6. I am entirely of the same opinion. It seems to me that in interpreting statutes of a penal character it is important to see that the powers conferred upon the Magistrates are duly exercised with reference to the rendering unlawful of acts that would otherwise be lawful. Under the old Code, Act X of 1872, Section 518 gave to Magistrates the power to issue orders in cases of obstruction, danger to human fife, or riots, and the explanation to the section clearly shows that the Legislature in conferring this power intended it only to be applied to emergent matters. That section, however, did not prescribe any limitation or duration as to the duration of the order remaining in force; but a Full Bench of the Calcutta High Court in Gopi Mohun Mullick v.
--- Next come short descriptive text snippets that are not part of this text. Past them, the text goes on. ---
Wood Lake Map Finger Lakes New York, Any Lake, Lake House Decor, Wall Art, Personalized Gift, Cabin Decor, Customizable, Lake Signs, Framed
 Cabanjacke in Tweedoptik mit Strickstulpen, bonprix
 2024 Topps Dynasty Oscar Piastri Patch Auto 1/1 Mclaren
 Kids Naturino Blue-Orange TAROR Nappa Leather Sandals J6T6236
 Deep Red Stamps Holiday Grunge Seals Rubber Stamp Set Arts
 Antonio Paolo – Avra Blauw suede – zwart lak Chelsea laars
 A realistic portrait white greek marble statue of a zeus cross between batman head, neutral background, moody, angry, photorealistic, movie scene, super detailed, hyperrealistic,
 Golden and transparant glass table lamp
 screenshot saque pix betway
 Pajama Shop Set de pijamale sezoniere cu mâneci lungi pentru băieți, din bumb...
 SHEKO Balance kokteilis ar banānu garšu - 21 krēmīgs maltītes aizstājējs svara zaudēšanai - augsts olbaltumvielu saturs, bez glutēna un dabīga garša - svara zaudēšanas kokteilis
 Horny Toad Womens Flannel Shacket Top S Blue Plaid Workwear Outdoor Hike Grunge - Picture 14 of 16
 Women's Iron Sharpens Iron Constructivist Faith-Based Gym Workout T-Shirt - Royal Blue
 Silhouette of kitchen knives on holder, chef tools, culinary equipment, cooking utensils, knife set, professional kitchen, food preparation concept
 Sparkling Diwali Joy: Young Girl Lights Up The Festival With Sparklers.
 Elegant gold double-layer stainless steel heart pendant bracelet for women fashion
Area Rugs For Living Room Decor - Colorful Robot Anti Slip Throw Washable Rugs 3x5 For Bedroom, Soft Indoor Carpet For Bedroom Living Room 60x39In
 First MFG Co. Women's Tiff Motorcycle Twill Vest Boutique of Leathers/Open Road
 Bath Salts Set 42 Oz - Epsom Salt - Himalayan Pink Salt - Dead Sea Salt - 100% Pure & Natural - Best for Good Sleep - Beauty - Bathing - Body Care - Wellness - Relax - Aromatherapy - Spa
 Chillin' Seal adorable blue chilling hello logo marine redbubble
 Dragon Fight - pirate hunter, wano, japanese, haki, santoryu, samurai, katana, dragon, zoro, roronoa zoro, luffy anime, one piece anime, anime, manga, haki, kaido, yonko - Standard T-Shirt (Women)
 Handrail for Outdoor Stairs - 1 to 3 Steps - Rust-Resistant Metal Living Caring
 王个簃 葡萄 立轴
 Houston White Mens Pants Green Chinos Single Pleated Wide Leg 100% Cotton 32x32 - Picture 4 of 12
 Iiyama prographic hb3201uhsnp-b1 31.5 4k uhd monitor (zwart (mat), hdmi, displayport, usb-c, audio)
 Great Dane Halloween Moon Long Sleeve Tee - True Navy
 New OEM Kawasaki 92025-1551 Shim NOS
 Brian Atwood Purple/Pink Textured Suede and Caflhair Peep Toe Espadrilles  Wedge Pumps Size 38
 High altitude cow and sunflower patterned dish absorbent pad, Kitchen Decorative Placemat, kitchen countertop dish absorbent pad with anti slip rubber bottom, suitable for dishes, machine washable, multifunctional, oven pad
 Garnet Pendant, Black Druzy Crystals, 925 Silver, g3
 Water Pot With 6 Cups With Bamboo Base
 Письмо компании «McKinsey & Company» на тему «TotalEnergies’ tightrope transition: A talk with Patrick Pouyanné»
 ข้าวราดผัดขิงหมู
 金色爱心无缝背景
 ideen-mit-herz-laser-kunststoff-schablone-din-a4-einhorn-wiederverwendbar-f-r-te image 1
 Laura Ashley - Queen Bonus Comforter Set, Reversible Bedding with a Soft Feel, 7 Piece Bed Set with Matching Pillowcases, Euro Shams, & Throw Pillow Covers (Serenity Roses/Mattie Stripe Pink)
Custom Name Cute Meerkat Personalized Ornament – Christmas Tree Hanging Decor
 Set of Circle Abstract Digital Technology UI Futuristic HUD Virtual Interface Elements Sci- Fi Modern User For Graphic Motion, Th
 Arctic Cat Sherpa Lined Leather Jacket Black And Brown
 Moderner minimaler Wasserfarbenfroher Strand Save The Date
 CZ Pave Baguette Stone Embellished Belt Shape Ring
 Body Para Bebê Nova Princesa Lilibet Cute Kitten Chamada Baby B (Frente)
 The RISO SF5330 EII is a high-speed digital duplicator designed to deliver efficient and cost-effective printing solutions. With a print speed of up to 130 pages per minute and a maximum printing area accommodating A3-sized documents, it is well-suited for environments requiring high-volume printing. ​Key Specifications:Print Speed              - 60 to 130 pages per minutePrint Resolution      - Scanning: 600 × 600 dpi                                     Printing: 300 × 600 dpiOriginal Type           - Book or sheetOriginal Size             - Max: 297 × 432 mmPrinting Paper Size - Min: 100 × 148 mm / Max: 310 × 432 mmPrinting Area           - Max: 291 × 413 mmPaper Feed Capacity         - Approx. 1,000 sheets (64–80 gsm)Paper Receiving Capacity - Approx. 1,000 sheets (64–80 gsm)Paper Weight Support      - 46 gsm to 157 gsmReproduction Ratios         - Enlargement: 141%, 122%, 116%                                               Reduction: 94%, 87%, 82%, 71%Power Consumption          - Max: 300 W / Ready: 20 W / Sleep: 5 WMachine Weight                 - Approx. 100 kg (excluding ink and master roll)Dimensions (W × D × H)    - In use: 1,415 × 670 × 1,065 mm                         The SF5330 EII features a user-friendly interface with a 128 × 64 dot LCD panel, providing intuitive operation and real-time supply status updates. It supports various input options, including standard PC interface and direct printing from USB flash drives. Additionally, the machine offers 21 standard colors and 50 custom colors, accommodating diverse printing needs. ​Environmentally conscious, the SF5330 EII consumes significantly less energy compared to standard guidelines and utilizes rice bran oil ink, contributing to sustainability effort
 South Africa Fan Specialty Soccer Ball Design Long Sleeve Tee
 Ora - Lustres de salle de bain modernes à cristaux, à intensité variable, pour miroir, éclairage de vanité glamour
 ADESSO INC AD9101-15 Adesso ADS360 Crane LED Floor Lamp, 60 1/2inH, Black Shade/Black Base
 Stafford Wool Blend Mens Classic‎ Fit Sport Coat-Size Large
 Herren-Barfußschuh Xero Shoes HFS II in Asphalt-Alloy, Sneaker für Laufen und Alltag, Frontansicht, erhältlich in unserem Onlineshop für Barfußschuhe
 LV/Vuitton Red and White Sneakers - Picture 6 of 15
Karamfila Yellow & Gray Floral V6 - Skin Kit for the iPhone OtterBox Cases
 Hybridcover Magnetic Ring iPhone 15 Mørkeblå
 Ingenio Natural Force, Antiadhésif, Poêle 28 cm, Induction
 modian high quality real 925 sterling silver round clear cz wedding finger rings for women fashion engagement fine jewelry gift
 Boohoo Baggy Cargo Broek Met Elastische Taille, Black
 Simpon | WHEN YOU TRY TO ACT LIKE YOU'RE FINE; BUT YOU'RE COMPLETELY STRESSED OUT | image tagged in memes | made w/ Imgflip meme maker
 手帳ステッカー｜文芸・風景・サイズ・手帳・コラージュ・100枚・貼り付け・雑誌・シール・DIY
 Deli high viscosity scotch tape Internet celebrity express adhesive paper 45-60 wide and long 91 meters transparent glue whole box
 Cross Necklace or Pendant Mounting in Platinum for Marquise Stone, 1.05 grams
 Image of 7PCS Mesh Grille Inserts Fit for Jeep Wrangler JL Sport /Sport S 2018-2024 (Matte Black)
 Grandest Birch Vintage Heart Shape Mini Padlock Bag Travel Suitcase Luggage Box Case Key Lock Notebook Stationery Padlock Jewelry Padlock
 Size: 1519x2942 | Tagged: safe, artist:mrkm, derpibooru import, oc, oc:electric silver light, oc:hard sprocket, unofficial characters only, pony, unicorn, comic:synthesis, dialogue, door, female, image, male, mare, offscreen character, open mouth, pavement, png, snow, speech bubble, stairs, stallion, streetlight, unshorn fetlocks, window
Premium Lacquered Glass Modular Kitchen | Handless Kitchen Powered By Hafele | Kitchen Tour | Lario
Taramoni Choudhrani I. L. R., 5 Cal., 7, concurred in holding upon general principles of the interpretation of such statutes that the Magistrate was not empowered to pass an order under Section 518 of Act X of 1872 which would have more than a temporary operation, and that the grant of what is in effect an order for a perpetual injunction was beyond such magisterial jurisdiction. I follow the principles of that ruling, and I cannot help thinking that Section 144 of the present Code, in modifying the law contained in the corresponding Section 518 of the old Code, takes into account what Garth, C. J., said in the Full Bench case to which I have referred, and I say this because I find that whilst Section 518 of the old Code was silent as to the duration of a Magistrate’s order passed for the purposes mentioned, the present Code in the last paragraph of Section 144 contains express provisions, saying that “no order under this section shall remain in force for more than two months from the making there of, unless in cases of danger to human life, health or safety, or a likelihood of a riot or an affray, the local Government, by notification in the official Gazette, otherwise directs.” This, then, is the present law, and I think also was virtually the older law, though, of course, no duration was named in the older Code.

7. Applying these views to this case, it is clear that the order of the 2nd September 1876, was not promulgated again in 1886 by the Magistrate, and that no conviction could take place because of any disobedience of the order of September 1876, an order which cannot he held as having subsisted ten years. Mr. Simeon on behalf of the petitioners has indeed contended that the language of the order of the 13th September 1886, was to incorporate all the terms, conditions and particular directions of the order of the 2nd September 1876. I have heard the original order of September 1886, and cannot accept this contention. The words of the order contain no specific directions either as to the time of the procession or the route through which it was to pass, and I cannot take the expression “as usual” to imply that the order of the 2nd September 1876 was incorporated there in its entirety. And because the order of the 13th September 1886 was silent as to this matter, no offence was committed by the Saraogis in carrying the procession by a route and at a time other than that prescribed by the Magistrate’s order of 1876 as they did on the 14th September 1886.

8. I hold, therefore, that the learned Sessions Judge has rightly acquitted the Saraogis, and that no interference in revision is required by this Court. The application is dismissed.